▶ [DESCRIPTION OF THE TASK] Leave out the pictures, and copy exactly the lines from the line with "Then Democratic presidential" through the last line of the data below.

▶ [SOURCE MATERIAL]

□ □ □ □ □

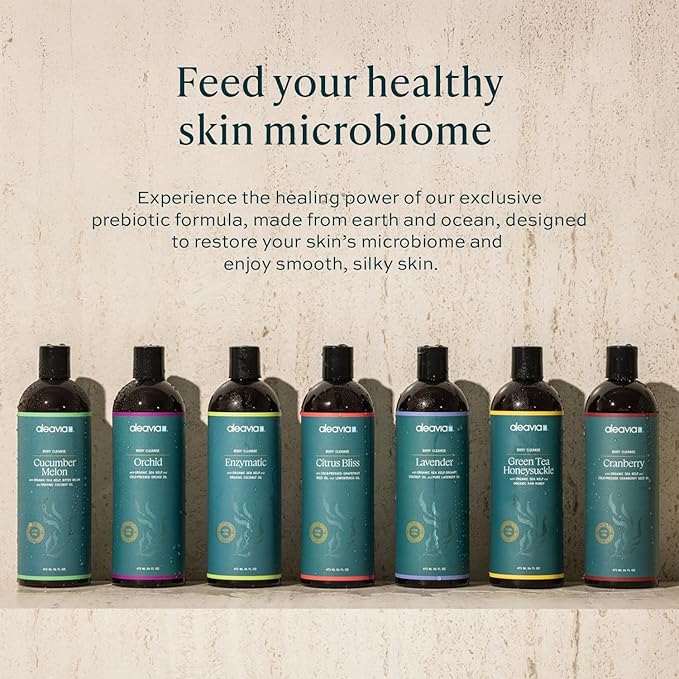 Aleavia Body Cleanse – Organic & All-Natural Prebiotic Body Wash with Organic Cucumber and Bitter Melon – Nourish Your Skin Microbiome – 16 Oz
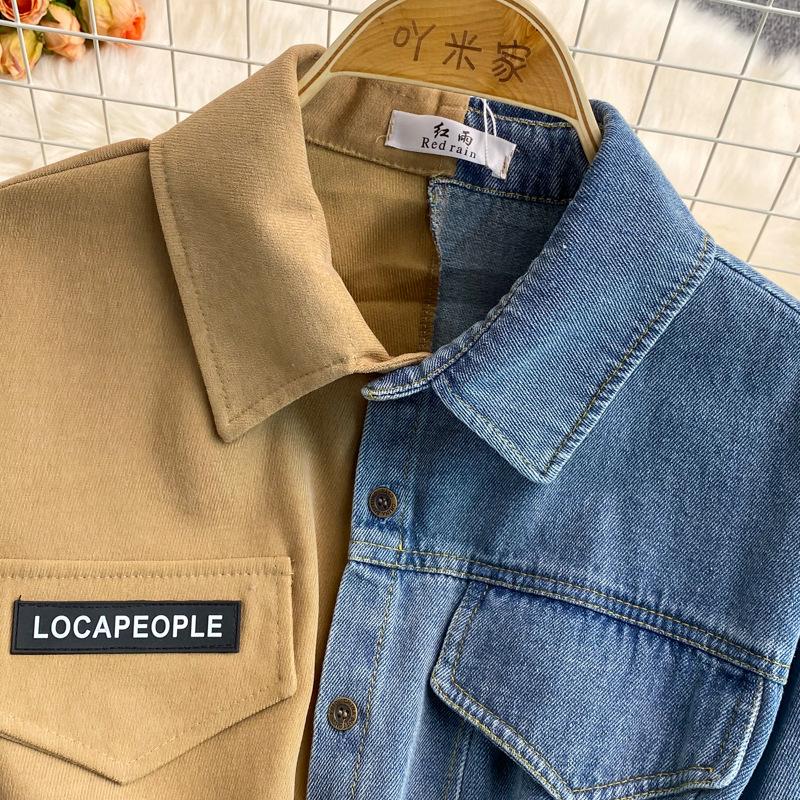 Women's Spring Vintage Denim Dress Autumn Irregular Patchwork Dresses Korean Clothing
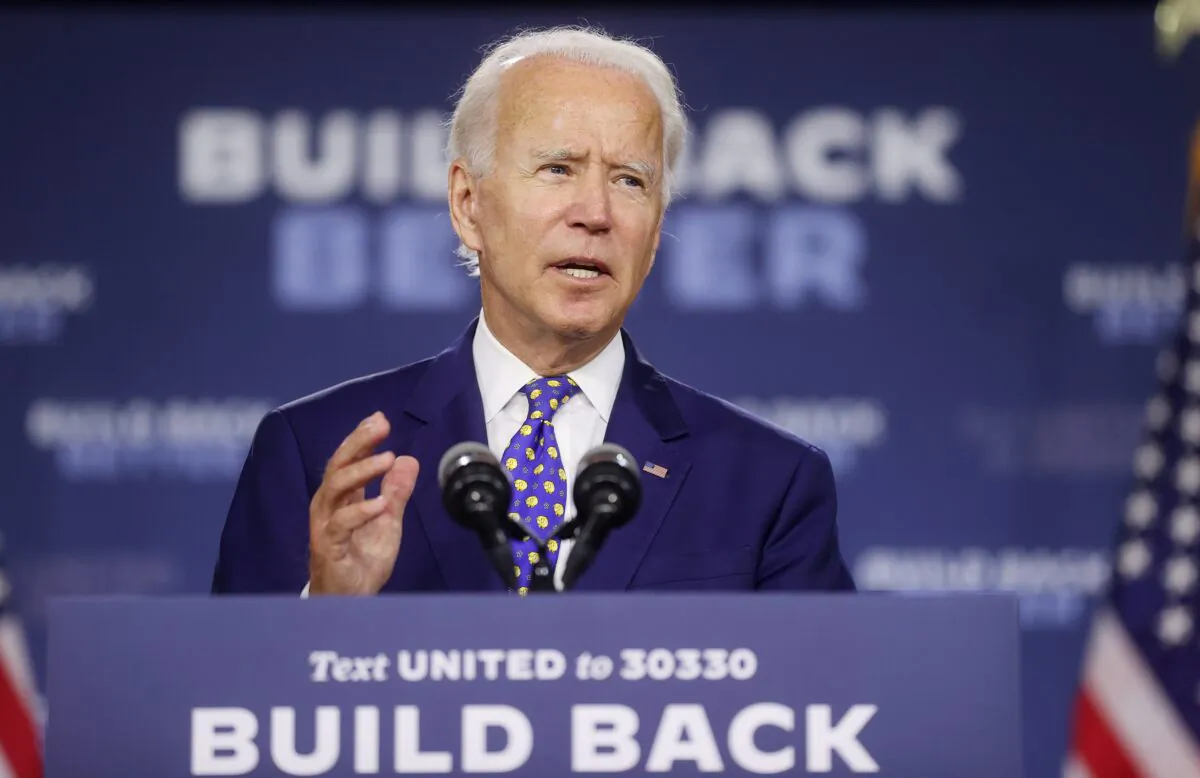 Then Democratic presidential candidate and former Vice President Joe Biden speaks about his plans to combat racial inequality at a campaign event in Wilmington, Del., on July 28, 2020. (Jonathan Ernst/Reuters)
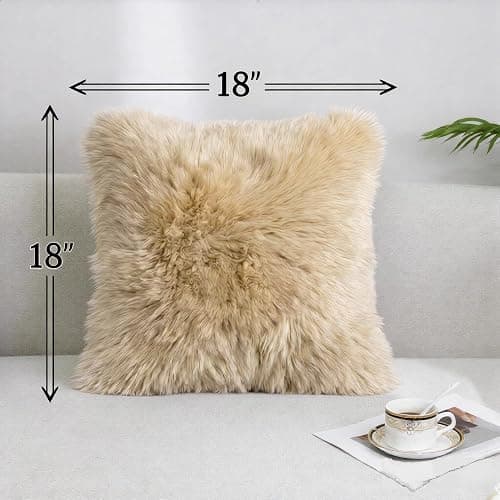 AGFNGE Luxury Soft Fur Sheepskin Fleece Cushion Cover Pillowcase Decorative Throw Pillows Covers, No Pillow Insert, 1pc (Khaki Camel, 18"×18") thumbnail 3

□ □ □ □ □

▶ [EXERCISE RESPONSE]
 Then Democratic presidential candidate and former Vice President Joe Biden speaks about his plans to combat racial inequality at a campaign event in Wilmington, Del., on July 28, 2020. (Jonathan Ernst/Reuters)
 AGFNGE Luxury Soft Fur Sheepskin Fleece Cushion Cover Pillowcase Decorative Throw Pillows Covers, No Pillow Insert, 1pc (Khaki Camel, 18"×18") thumbnail 3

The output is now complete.